* [Task]:
Leave out the pictures and retype, exactly, the lines below from the line with "MPV yang dilepas" up to and including the line with "Used 2020 Nissan Sentra SV FWD image 30", nothing more.

* [Available records]:
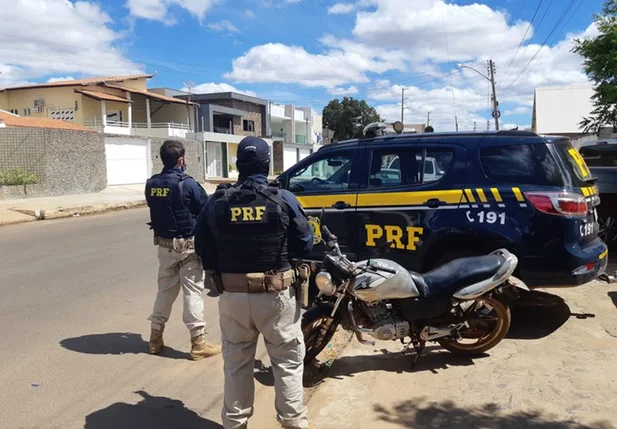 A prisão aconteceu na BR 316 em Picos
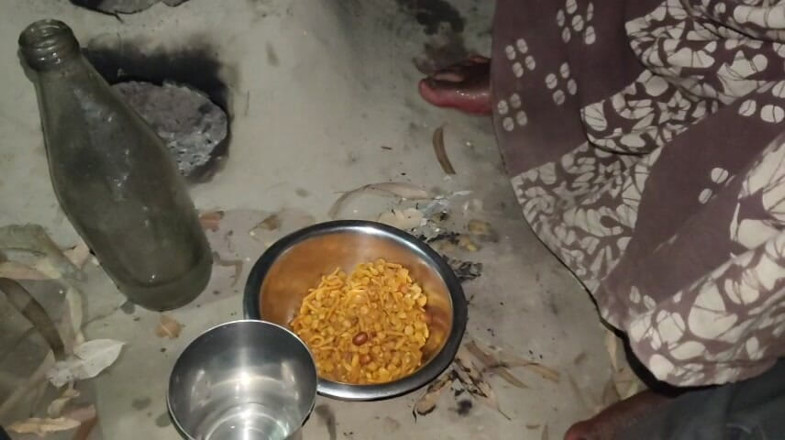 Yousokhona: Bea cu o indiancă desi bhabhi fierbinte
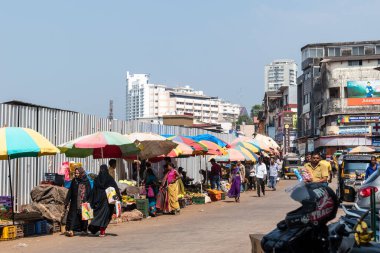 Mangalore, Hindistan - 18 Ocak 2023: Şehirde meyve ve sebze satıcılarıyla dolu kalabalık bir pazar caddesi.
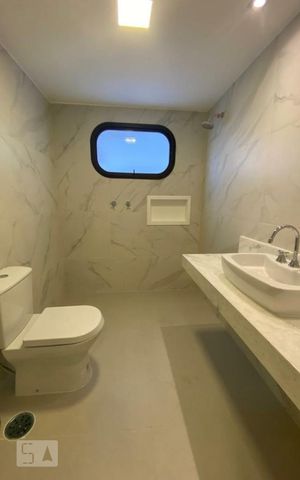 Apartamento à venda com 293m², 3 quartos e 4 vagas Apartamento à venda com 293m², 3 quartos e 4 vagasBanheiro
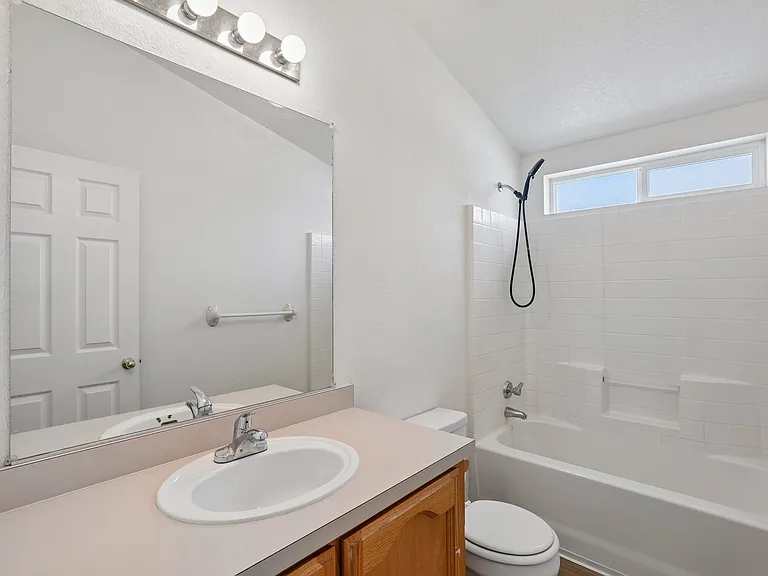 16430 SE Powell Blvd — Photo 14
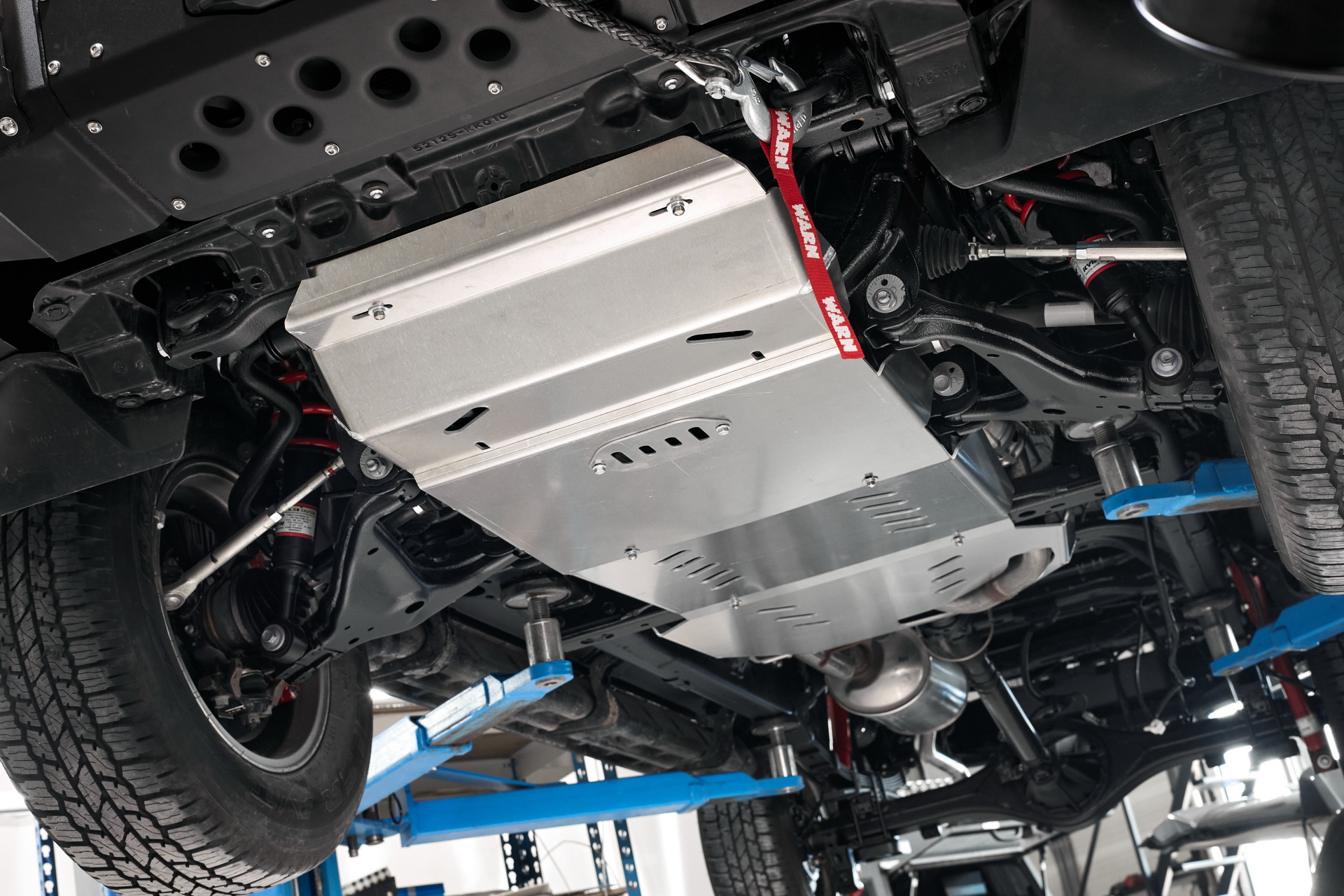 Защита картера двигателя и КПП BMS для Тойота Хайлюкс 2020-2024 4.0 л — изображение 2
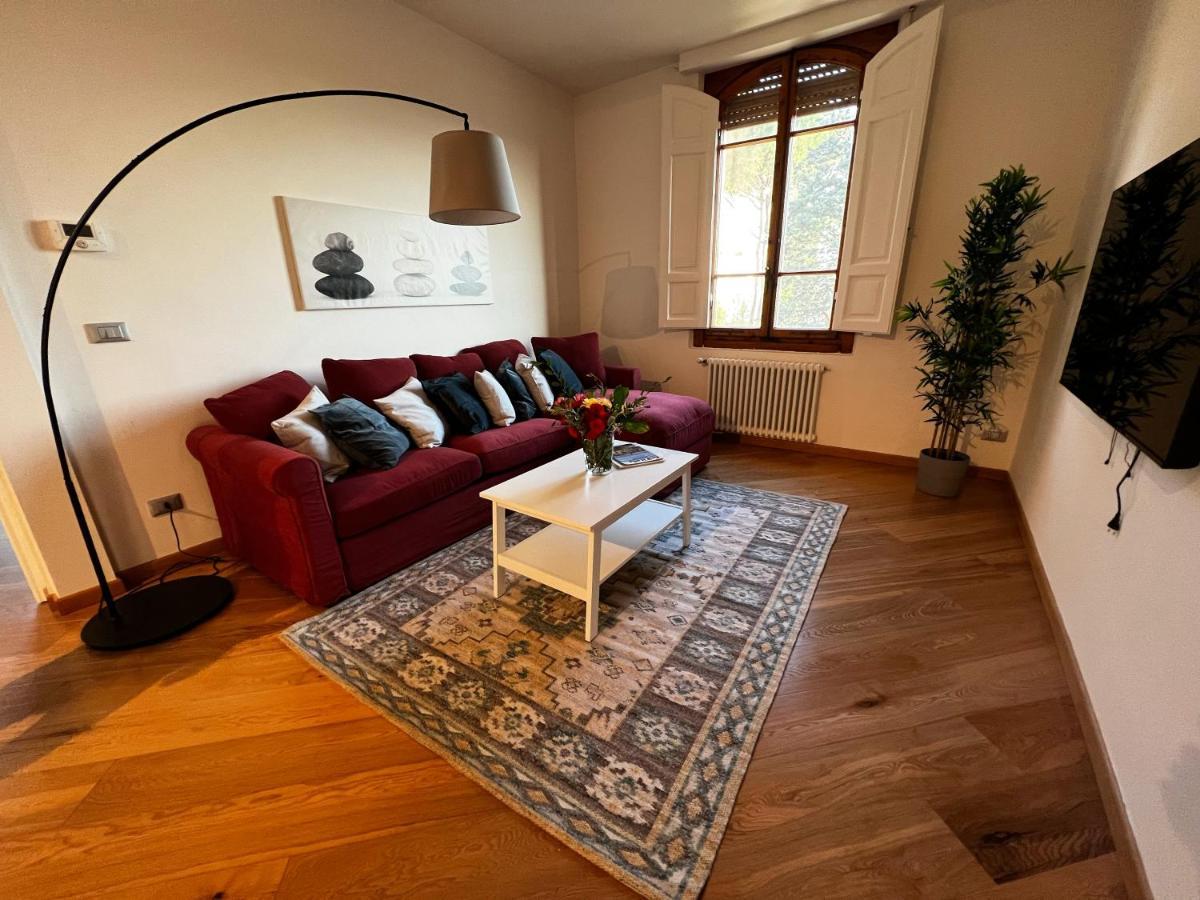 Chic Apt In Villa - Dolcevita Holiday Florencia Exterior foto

---

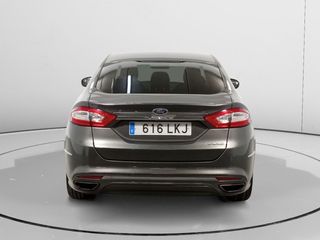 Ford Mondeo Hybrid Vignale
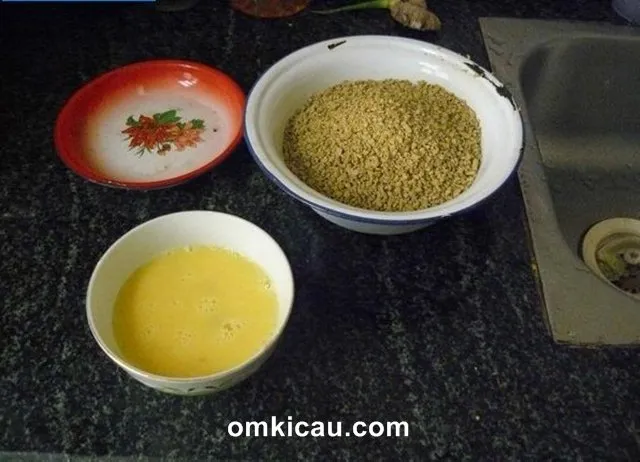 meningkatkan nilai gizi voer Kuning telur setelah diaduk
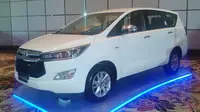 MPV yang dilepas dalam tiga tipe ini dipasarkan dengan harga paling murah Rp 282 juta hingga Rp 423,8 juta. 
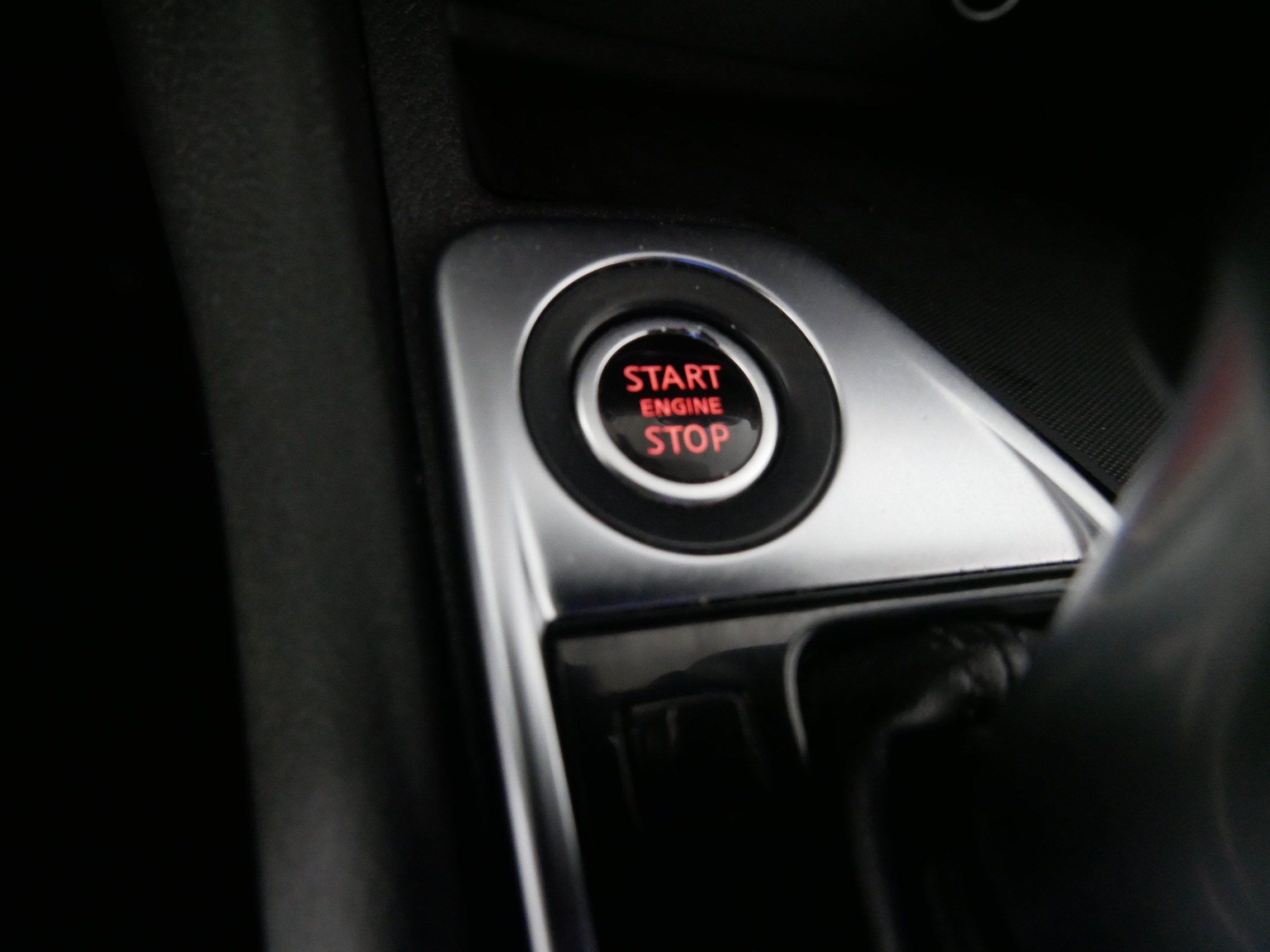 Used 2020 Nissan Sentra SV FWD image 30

* [Output for this task]:
 MPV yang dilepas dalam tiga tipe ini dipasarkan dengan harga paling murah Rp 282 juta hingga Rp 423,8 juta. 
 Used 2020 Nissan Sentra SV FWD image 30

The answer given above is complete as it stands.